When a survivor made a disclosure to Dr Croft that he had been raped by Devamanikkam in 1984, the Bishop “didn’t follow the policies and procedures in place on the time”, the review said. In 2023, Dr Croft apologised, and said: “I didn’t act sufficiently on the disclosures.”

 

ON WEDNESDAY, the diocese of Winchester announced that the Revd Sue Colman and her husband, Sir Jamie Colman, had been asked to step back from their involvement with St Leonard’s, Oakley, where Ms Colman is a non-stipendiary minister, and Sir Jamie volunteers.

The Makin report described the Colmans’ support for Smyth’s work in Zimbabwe. Sir Jamie chaired the trustees of Zambesi Ministries from1989, after the opposite trustees resigned when warned about Smyth’s abuse within the UK.

Sir Jamie, the report says, “viewed John Smyth as being repentant and with sufficient effective controls on his behaviour, despite all of the evidence being on the contrary”.

In 2017, after Channel 4 News made public the extent of Smyth’s abuse, Ms Colman said that she was “devastated to learn of the seriousness of the allegations against John Smyth of which I used to be unaware until very recently” (News, 3 March 2017).

In the Makin report, the reviewer writes: “Sue Colman has advised us that she was aware of the allegations of abuse on the time she became a Trustee, was reluctant, and was persuaded to take up the role by her husband. . . Sue Colman advises that she didn’t know the total details of the abuse within the UK, but that she was told that some level of abuse had taken place,” the report says. “It is probably going, on the balance of probabilities, that each Jamie and Sue Colman had significant knowledge of the abuses within the UK and Africa, given their positions as Trustees.”

The Makin report says that Sir Jamie, an heir to the founding father of Colman’s mustard, declined to take part in the review through the evidence-gathering phase.

Others referred to within the Makin report include the Bishop of Lincoln, the Rt Revd Stephen Conway, the Bishop of St Edmundsbury & Ipswich, the Rt Revd Martin Seeley, and the Anglican Communion’s Bishop for Episcopal Ministry, Dr Jo Bailey Wells.

On Wednesday, Bishop Seeley reiterated what he had told Mr Makin in the middle of the review: that he had no recollection of asking an issue about Smyth at a range conference, before he was a bishop.

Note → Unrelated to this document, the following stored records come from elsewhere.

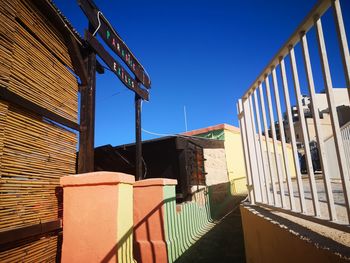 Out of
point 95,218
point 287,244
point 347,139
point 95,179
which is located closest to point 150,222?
point 95,218

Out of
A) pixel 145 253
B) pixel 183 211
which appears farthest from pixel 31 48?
pixel 183 211

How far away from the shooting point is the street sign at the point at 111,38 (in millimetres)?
3693

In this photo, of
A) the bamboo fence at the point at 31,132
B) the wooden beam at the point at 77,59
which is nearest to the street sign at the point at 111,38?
the wooden beam at the point at 77,59

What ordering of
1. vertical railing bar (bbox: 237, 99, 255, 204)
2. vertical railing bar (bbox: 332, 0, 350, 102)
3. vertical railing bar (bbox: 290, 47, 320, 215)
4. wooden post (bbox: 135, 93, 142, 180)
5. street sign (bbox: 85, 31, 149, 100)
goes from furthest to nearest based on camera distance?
wooden post (bbox: 135, 93, 142, 180)
street sign (bbox: 85, 31, 149, 100)
vertical railing bar (bbox: 237, 99, 255, 204)
vertical railing bar (bbox: 290, 47, 320, 215)
vertical railing bar (bbox: 332, 0, 350, 102)

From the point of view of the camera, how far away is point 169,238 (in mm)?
4344

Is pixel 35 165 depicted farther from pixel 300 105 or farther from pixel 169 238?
pixel 169 238

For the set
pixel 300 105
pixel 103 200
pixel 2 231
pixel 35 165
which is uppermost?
pixel 300 105

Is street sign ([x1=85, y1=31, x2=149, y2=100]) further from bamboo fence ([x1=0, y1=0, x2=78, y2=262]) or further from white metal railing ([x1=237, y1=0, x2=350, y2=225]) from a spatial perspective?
white metal railing ([x1=237, y1=0, x2=350, y2=225])

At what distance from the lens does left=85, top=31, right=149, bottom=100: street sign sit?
3.61 metres

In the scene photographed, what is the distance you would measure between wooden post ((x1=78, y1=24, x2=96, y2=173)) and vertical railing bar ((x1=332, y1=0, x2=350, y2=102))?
114 inches

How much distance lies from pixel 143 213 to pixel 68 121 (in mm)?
2184

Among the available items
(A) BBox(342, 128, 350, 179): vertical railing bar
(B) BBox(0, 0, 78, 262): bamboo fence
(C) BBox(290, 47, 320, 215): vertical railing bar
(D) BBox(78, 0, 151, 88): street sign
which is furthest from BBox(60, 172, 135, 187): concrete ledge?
(A) BBox(342, 128, 350, 179): vertical railing bar

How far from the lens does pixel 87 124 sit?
130 inches

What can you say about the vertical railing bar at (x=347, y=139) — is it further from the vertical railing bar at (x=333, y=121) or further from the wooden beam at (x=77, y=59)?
the wooden beam at (x=77, y=59) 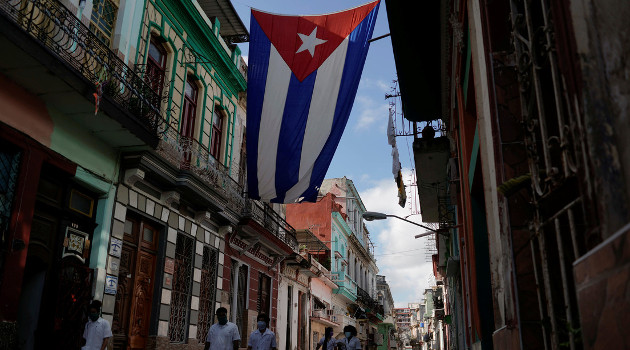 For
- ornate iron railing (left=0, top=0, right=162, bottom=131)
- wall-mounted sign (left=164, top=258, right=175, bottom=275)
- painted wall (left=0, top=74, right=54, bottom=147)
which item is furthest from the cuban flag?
wall-mounted sign (left=164, top=258, right=175, bottom=275)

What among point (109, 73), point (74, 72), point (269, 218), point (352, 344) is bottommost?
point (352, 344)

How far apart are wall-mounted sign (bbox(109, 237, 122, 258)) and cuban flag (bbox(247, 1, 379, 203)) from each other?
3.68 meters

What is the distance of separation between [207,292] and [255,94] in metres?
7.61

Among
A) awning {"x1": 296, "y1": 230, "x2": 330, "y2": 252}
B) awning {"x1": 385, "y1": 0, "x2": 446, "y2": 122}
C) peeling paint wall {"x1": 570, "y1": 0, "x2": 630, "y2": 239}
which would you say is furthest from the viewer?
awning {"x1": 296, "y1": 230, "x2": 330, "y2": 252}

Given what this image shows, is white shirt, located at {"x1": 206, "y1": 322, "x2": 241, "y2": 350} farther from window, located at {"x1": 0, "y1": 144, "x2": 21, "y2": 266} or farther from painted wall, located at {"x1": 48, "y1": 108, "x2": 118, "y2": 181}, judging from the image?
painted wall, located at {"x1": 48, "y1": 108, "x2": 118, "y2": 181}

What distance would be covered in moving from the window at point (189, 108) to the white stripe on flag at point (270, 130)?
5890 mm

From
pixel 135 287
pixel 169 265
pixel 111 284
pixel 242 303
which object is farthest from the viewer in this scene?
pixel 242 303

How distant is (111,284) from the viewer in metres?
9.54

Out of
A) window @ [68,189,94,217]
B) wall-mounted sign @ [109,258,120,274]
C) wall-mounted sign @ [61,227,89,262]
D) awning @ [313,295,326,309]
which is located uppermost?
window @ [68,189,94,217]

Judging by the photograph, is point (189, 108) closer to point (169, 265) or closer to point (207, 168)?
point (207, 168)

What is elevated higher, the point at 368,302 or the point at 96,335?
the point at 368,302

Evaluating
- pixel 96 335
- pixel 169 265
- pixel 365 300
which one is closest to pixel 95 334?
pixel 96 335

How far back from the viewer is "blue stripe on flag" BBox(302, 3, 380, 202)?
7.45 m

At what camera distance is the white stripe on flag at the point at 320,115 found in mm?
7406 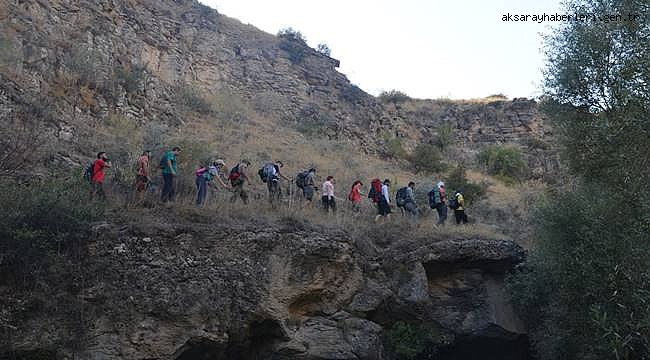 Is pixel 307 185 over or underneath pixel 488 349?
over

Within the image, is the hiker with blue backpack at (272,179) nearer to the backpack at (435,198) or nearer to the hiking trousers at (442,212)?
the backpack at (435,198)

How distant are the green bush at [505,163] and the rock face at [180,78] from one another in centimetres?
156

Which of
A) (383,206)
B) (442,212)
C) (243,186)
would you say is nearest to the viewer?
(243,186)

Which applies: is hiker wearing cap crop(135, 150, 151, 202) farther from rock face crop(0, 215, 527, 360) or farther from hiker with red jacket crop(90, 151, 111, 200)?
rock face crop(0, 215, 527, 360)

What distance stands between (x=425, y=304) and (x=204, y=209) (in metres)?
5.17

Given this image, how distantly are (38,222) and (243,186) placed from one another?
18.4ft

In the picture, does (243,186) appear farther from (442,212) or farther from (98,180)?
(442,212)

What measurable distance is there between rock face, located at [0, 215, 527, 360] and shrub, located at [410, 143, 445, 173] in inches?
548

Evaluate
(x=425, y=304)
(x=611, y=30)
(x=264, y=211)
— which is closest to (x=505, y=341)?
(x=425, y=304)

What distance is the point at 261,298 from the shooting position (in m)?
10.5

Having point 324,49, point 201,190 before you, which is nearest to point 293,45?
point 324,49

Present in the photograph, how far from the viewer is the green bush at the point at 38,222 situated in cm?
870

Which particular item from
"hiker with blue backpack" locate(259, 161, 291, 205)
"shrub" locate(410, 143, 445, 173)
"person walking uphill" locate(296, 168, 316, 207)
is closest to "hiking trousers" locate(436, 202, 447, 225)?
"person walking uphill" locate(296, 168, 316, 207)

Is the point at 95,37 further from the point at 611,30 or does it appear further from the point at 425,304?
the point at 611,30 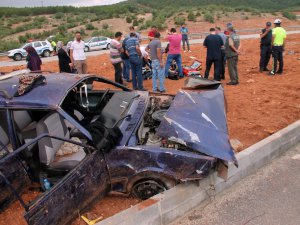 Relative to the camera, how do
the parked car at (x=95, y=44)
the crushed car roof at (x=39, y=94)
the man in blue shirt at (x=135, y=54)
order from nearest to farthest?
the crushed car roof at (x=39, y=94), the man in blue shirt at (x=135, y=54), the parked car at (x=95, y=44)

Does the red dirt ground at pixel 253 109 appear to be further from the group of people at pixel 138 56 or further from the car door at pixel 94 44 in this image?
the car door at pixel 94 44

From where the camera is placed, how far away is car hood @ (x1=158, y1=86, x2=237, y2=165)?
4016 millimetres

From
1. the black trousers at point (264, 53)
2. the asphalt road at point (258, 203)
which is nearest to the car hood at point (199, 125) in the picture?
the asphalt road at point (258, 203)

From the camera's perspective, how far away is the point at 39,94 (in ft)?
13.5

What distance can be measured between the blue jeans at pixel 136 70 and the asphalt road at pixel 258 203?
15.8 feet

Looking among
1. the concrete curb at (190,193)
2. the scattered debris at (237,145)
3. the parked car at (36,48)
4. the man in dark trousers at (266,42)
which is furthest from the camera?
the parked car at (36,48)

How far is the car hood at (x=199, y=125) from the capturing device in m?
4.02

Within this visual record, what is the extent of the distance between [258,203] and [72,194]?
7.53ft

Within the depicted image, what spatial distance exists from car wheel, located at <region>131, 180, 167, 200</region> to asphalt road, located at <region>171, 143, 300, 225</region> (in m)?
0.44

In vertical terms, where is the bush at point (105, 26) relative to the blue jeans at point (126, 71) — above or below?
below

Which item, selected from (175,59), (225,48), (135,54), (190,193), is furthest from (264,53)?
(190,193)

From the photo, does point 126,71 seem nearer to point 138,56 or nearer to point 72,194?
point 138,56

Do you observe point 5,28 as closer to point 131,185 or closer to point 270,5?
point 131,185

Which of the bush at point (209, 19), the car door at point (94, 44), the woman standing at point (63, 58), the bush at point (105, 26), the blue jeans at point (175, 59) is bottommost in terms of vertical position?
the bush at point (105, 26) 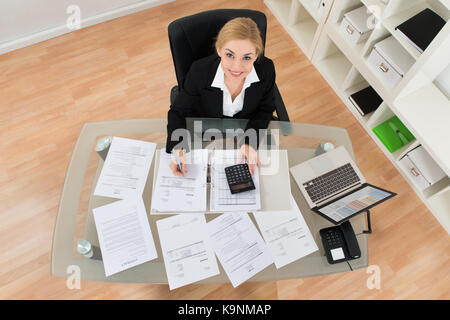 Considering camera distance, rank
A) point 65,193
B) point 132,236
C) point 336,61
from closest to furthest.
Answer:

“I’m truly horrified by the abuse that John Smyth perpetrated on young Christians,” he said, but he said that he remembered the choice conference and didn’t recall asking an issue about Smyth. “I’m also certain I might have reported any information I used to be given referring to a safeguarding concern.”

The man who told the Makin review that Bishop Seeley had asked the query was the Revd Rico Tice, who left the Church of England earlier this 12 months over the introduction of blessings of same-sex couples. The Makin report says that Mr Tice learnt of Smyth’s abuse in 1987.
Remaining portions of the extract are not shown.